Já quando o autor se utiliza de sequências textuais descritivas com o intuito

de especificar o objeto de seu discurso, ele o faz para dar destaque, enfocar o ponto

mais relevante e inquietante da questão, conforme sua perspectiva, ou para

97

diferenciar o objeto de sua reclamação, a fim de que não haja dúvidas em relação a

que ou a quem o texto está se referindo.

Ao empregar as sequências textuais descritivas para expressar juízos de

valor em relação ao objeto da reclamação, a finalidade é buscar a adesão do leitor

gerando a afinidade de ideias. Geralmente, conforme notamos nos textos

analisados, os adjetivos empregados expressam repulsa em relação ao ocorrido e

têm um caráter moralista, alinhado com o discurso politicamente correto vigente na

sociedade.

Podemos notar que as sequências textuais descritivas presentes nas cartas,

muito mais do que descrever determinado objeto, revelam o posicionamento do

reclamante em relação ao problema abordado. Isso comprova a abordagem de

Marquesi (2014) no que se refere às escolhas lexicais na composição de textos: elas

ocorrem de acordo com o que está sendo retratado e de acordo com o modo como

isso é feito, além disso, é levada em consideração a perspectiva adotada para tratar

certo assunto. Assim, ao redigirmos uma carta de reclamação, a escolha de palavras

não é espontânea, uma vez que a seleção do léxico se dá em conformidade com os

nossos objetivos e com o nosso papel social na circunstância interacional em

questão.

A atitude subjetiva de cada reclamante faz-se presente, em maior ou em

menor grau, em todas as reclamações, por intermédio também das sequências

textuais descritivas, sobretudo daquelas que expressam juízos de valor. Podemos

até afirmar que a expressão da subjetividade constitui-se como uma das marcas

desse gênero, já que a reclamação decorre de uma situação que provocou

descontentamento e irritação no reclamante. Pelo que pudemos notar, dificilmente

nos defrontaremos com cartas de reclamação cujas sequências textuais descritivas

sejam totalmente isentas desse olhar subjetivo.

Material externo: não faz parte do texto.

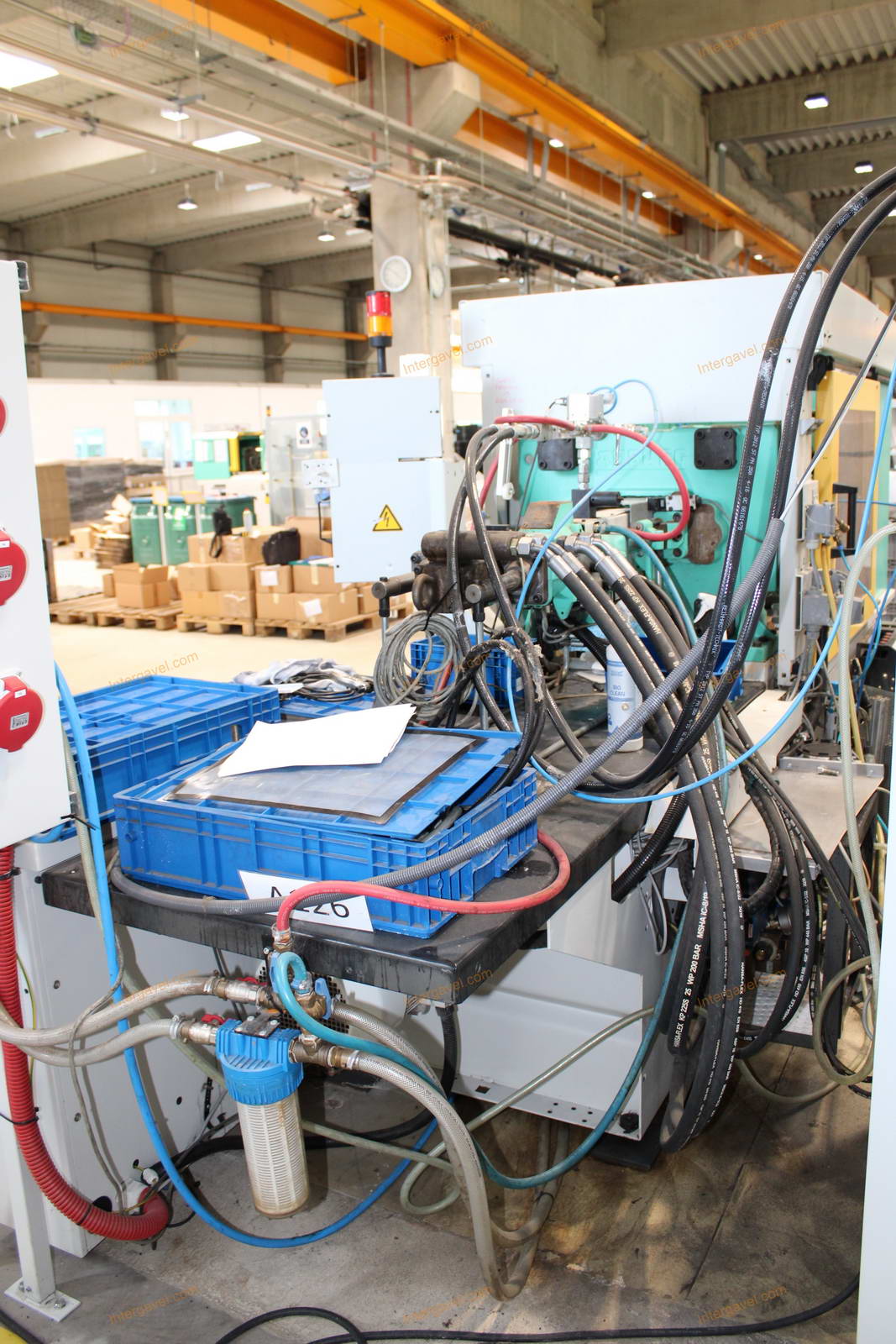 Fröccsöntő gép 16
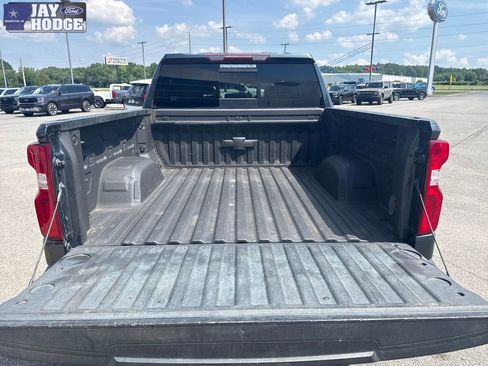 Used 2021 Chevrolet Silverado 1500 LT Trail Boss w/ Convenience Package II AWD/4WD image 31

A nosso ver, as sequências textuais descritivas presentes no gênero carta de

reclamação, pelo que pudemos constatar por meio dos textos analisados,

desempenham um papel significativo no sentido de tornar persuasiva a

argumentação desenvolvida, porque acabam servindo como justificativa para a

queixa apresentada. O reclamante, de modo a obter a adesão dos leitores, precisa

tornar coerente o seu escrito, o que faz também por meio dessas sequências

textuais. Afinal, o quadro que ele constrói na mente do leitor precisa estar de acordo

com a queixa apresentada. Desse modo, a escolha do léxico que compõe as

98

sequências textuais descritivas está intimamente relacionada à reclamação

formalizada pelo produtor da carta, não só no que se refere a descrever como

também no que se refere a persuadir.

Ainda que a abordagem desenvolvida nesta dissertação não esgote o

assunto, entendemos que nossa pesquisa pode contribuir para ampliar as reflexões

acerca do papel das sequências textuais descritivas na composição de textos, em

especial, no que diz respeito à construção da argumentação pretendida pelo autor.